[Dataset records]
%%

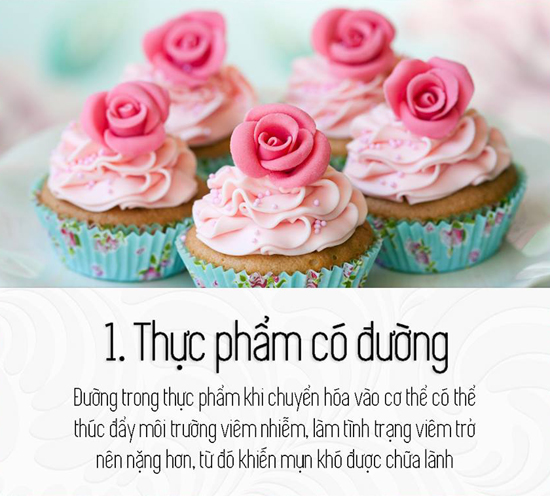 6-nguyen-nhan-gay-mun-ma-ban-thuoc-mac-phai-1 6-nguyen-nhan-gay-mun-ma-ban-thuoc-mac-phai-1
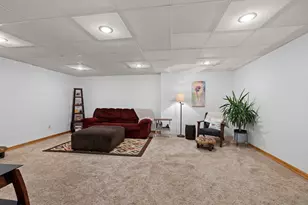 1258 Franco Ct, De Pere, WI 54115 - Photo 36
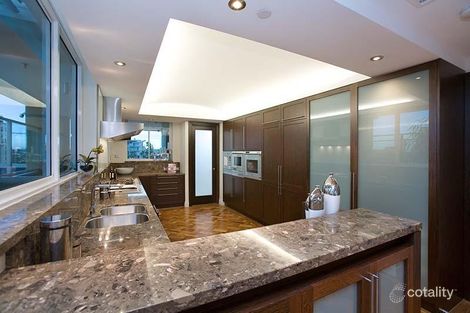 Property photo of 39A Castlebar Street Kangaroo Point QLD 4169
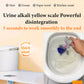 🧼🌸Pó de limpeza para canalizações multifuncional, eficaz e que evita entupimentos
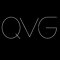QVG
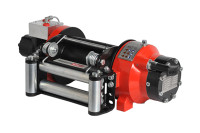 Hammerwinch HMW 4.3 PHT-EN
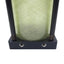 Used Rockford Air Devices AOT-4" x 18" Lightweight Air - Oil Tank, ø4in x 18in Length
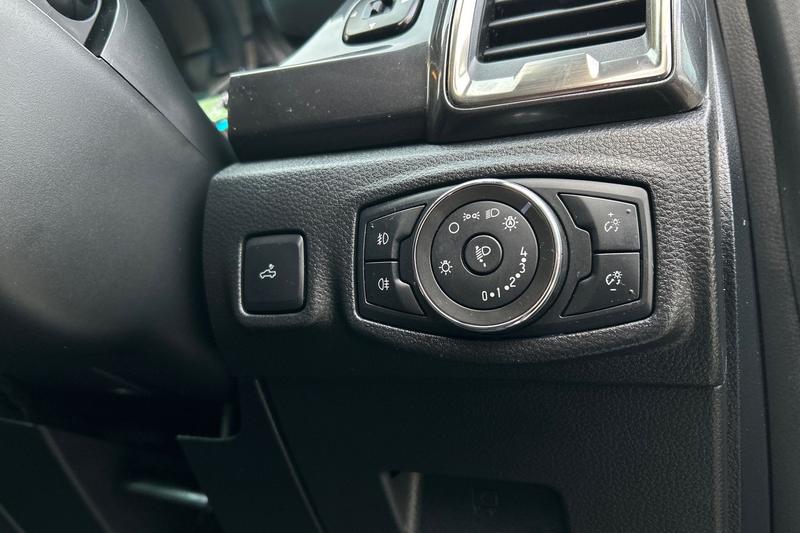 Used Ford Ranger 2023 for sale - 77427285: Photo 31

%%

Write the entries above out in full, exactly, with no images.

 6-nguyen-nhan-gay-mun-ma-ban-thuoc-mac-phai-1 6-nguyen-nhan-gay-mun-ma-ban-thuoc-mac-phai-1
 1258 Franco Ct, De Pere, WI 54115 - Photo 36
 Property photo of 39A Castlebar Street Kangaroo Point QLD 4169
 🧼🌸Pó de limpeza para canalizações multifuncional, eficaz e que evita entupimentos
QVG
 Hammerwinch HMW 4.3 PHT-EN
 Used Rockford Air Devices AOT-4" x 18" Lightweight Air - Oil Tank, ø4in x 18in Length
 Used Ford Ranger 2023 for sale - 77427285: Photo 31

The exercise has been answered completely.